/SAM-3D-Selector

Utilizing segment-anything to help the region selection of 3D point cloud or mesh.

Primary LanguagePythonMIT LicenseMIT

SAM 3D Selector

This project aims to convert users' multi-view annotated 2D image segmentations (via segment-anything) to the corresponding 3D point cloud/mesh.

Just several coordinate space conversions, no other complicated methods (welcome to leave your suggestions).

I initially implemented this project to help the point selection process for my other project SPIDR, where I manually select points for deformations/animations.

I want to use SAM to automate this process, however, my current solution are still far from the perfection.

👇Point cloud

demo_1

👇Mesh

demo_2

Dependencies

  • SAM
    • Assume you set up SAM at ./segment-anything and download checkpoints at ./segment-anything/checkpoints
    • You can change to other location in app.py
  • open3d >= 0.16
  • python-opencv

How to Use

Annotate keypoints on the displayed image by clicking with the left mouse button.

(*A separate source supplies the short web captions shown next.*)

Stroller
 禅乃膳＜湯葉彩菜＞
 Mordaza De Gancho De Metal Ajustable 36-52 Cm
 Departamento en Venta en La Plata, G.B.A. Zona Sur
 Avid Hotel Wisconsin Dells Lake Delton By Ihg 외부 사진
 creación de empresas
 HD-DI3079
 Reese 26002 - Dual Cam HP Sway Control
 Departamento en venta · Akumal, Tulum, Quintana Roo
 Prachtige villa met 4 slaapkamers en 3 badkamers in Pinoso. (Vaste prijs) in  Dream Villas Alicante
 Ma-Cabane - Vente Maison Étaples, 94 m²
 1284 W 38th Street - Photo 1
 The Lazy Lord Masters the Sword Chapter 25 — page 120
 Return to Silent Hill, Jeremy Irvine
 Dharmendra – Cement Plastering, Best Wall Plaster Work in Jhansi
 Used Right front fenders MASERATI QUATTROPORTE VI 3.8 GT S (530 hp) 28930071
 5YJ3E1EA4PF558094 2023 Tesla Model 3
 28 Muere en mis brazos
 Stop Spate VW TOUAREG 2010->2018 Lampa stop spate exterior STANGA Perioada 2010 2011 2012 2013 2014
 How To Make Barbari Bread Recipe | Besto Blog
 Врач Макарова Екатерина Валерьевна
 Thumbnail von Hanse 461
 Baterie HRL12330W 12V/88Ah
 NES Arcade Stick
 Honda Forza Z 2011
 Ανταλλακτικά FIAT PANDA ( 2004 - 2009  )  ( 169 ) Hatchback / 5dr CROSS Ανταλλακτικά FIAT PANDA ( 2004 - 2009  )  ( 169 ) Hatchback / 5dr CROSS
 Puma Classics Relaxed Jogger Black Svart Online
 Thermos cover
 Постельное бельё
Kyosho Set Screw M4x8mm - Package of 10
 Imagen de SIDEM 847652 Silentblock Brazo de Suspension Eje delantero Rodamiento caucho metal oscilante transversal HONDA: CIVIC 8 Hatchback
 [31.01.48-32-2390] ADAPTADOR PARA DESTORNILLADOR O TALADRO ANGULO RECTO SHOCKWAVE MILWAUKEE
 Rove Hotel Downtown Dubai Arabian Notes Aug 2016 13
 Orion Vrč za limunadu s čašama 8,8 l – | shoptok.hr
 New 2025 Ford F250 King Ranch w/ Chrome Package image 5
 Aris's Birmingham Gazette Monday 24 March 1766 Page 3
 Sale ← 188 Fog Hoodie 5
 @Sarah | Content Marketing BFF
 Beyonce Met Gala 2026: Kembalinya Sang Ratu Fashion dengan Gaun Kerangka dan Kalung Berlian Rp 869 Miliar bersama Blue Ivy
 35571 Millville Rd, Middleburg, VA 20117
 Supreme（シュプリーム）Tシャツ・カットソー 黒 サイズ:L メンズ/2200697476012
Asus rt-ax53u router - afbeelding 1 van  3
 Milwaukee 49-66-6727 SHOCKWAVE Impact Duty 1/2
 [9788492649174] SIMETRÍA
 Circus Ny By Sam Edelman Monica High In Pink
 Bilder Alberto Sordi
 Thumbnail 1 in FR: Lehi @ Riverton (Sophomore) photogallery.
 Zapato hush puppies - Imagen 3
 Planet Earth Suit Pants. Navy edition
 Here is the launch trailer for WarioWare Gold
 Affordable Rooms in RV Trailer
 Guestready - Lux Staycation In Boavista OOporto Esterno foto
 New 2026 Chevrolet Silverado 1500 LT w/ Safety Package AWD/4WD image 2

Here are some control keys under openCV GUI:

Key Action
m Toggle between foreground and background keypoint annotation
z Undo the last keypoint
s Save the mask and keypoints
n Go to the next frame
p Go to the previous frame
r Reset the image
c Crop the point cloud
u Union the point cloud
x Intersect the point cloud
e Export the masked point cloud (compatible with MeshLab)
q Exit the program
k Switch the selection mode
a Add the current frame mask for multi-frame selection

The slider on the bottom controls the depth of the selected 3D points. The percentage is related to the size of the object bound box.

Input Arguments

  • --image: Path to the input image (default: "demo.png").
  • --wo_sam: Flag to not use the SAM model for mask prediction.
  • --save_path: Path to save the mask and keypoints (default: "output/").
  • --dataset_path: Path to a nerf_synthetic-like image folder (default: "").
  • --dataset_split: Dataset split (default: "test").
  • --dataset_skip: Number of frames to skip in the dataset (default: 10).
  • --pcd_path: Path to the 3D point cloud file (default: "").
  • --mesh_path: Path to the 3D mesh file (default: "").

Example

python app.py --dataset_path data/nerf_synthetic/lego --pcd_path data/3d_rep/lego_pcd.ply

The example point cloud & mesh can be downloaded from the following links:

# point cloud
gdown --fuzzy https://drive.google.com/file/d/1z9zuTKNbLFp6DOLfJN42kpUO0_ECCvy_/view?usp=share_link -O data/3d_rep/lego_pcd.ply
# mesh
gdown --fuzzy https://drive.google.com/file/d/17rqjWihUJshzt_Hc1YIJ8J5GNfr5WBJf/view?usp=share_link -O data/3d_rep/lego_mesh.obj

Observations

  • The SAM's segmentations are amazing, but not perfect. You can often see the boundary are not included in the mask (alot manual-tuning).

  • Keypoint prompting's accuracy can be improved a lot with recurrent mask inputs mask_input=logits.

  • 3D geometry consistency is still too difficult for SAM. We cannot easily wrap the mask to the new frame.

  • Automatic combining multi-frame selections is difficult:

    • small components can be easily occluded by other parts: cannot simply union or intersect.
    • intersection on co-visible masks? --> works not well.